Problem to solve:
Drop the images. Copy every line below character for character.
** Opening Raw data block **
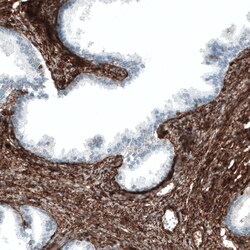 Invitrogen CD49a Monoclonal Antibody (CL7217) 100 &mu;L; Unconjugated:Antibodies,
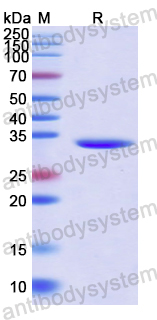 Recombinant Human APLN Protein, N-GST
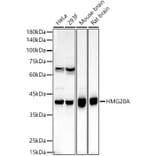 Western Blot - Anti-HMG20A Antibody (A15626) - Antibodies.com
** Closing Raw data block **
Written answer:
 Invitrogen CD49a Monoclonal Antibody (CL7217) 100 &mu;L; Unconjugated:Antibodies,
 Recombinant Human APLN Protein, N-GST
 Western Blot - Anti-HMG20A Antibody (A15626) - Antibodies.com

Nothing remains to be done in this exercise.